Caption-style text data
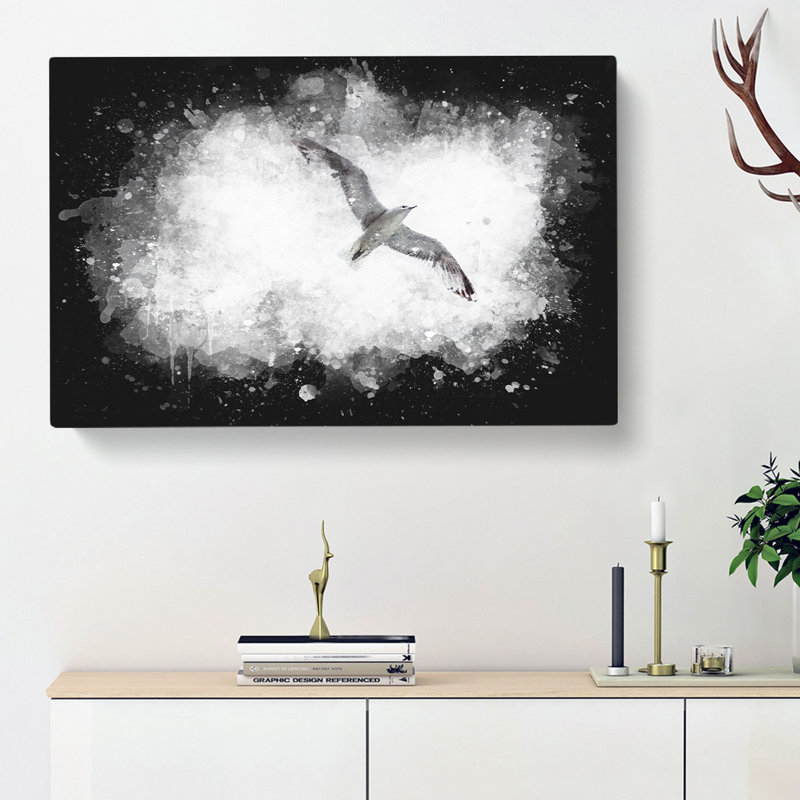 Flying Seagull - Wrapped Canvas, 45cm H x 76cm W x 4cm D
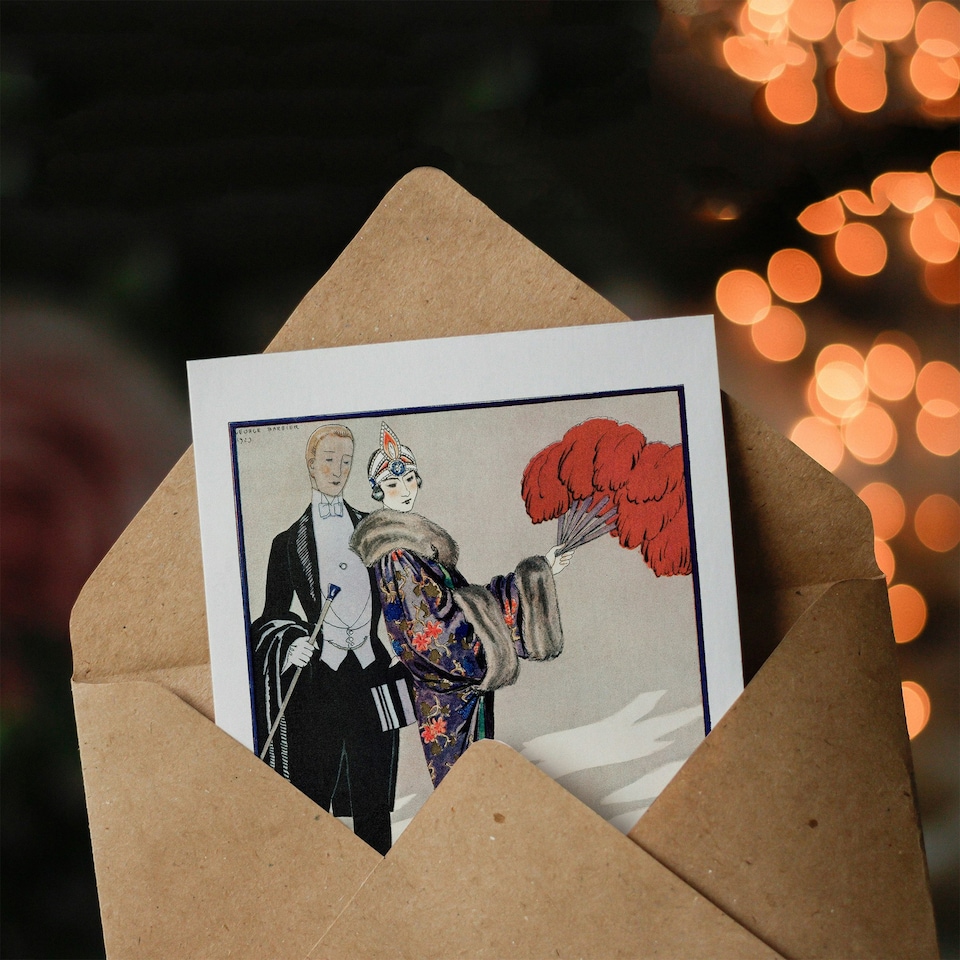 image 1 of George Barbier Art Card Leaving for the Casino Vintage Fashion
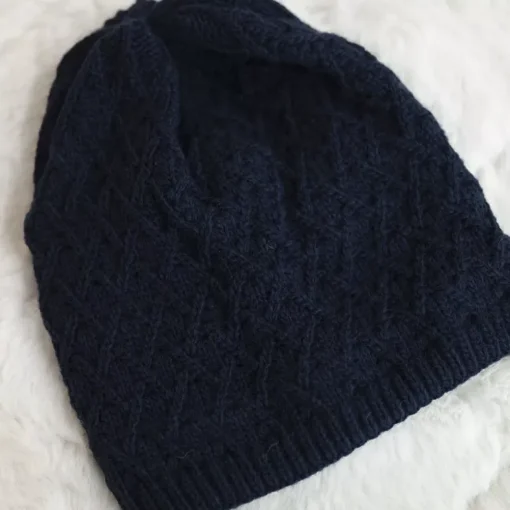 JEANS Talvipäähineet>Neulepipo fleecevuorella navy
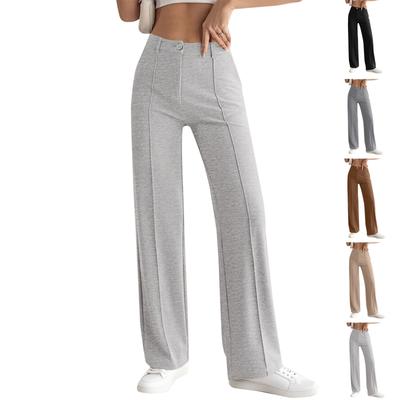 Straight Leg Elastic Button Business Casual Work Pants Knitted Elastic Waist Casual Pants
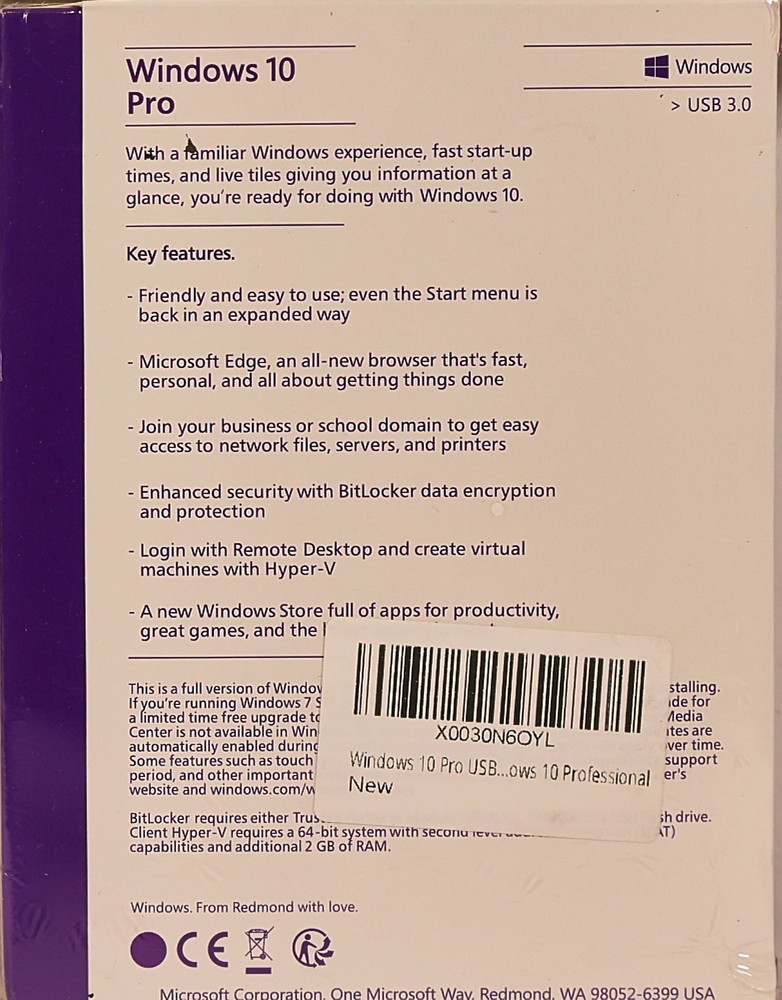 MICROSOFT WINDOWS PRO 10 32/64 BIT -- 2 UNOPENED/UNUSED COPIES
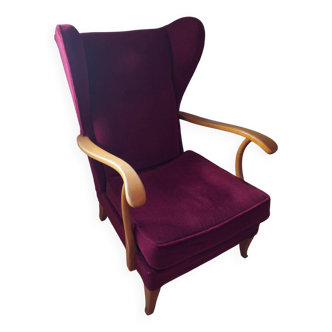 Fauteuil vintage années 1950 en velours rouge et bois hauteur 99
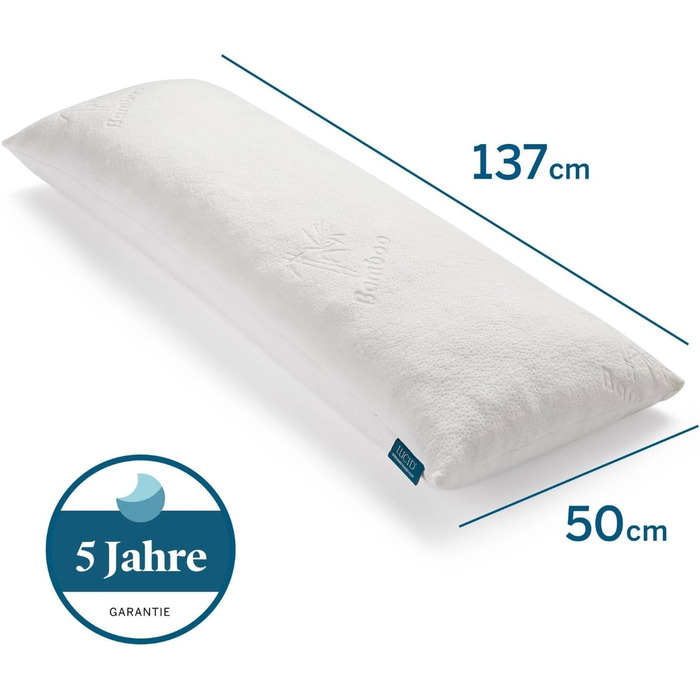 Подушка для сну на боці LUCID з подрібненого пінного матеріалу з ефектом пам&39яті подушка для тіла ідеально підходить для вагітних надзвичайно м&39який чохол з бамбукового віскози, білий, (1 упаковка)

▸ **About this task**
Please copy out each line above exactly as written, but not the pictures.

▸ **Task response**
 Flying Seagull - Wrapped Canvas, 45cm H x 76cm W x 4cm D
 image 1 of George Barbier Art Card Leaving for the Casino Vintage Fashion
 JEANS Talvipäähineet>Neulepipo fleecevuorella navy
 Straight Leg Elastic Button Business Casual Work Pants Knitted Elastic Waist Casual Pants
 MICROSOFT WINDOWS PRO 10 32/64 BIT -- 2 UNOPENED/UNUSED COPIES
 Fauteuil vintage années 1950 en velours rouge et bois hauteur 99
 Подушка для сну на боці LUCID з подрібненого пінного матеріалу з ефектом пам&39яті подушка для тіла ідеально підходить для вагітних надзвичайно м&39який чохол з бамбукового віскози, білий, (1 упаковка)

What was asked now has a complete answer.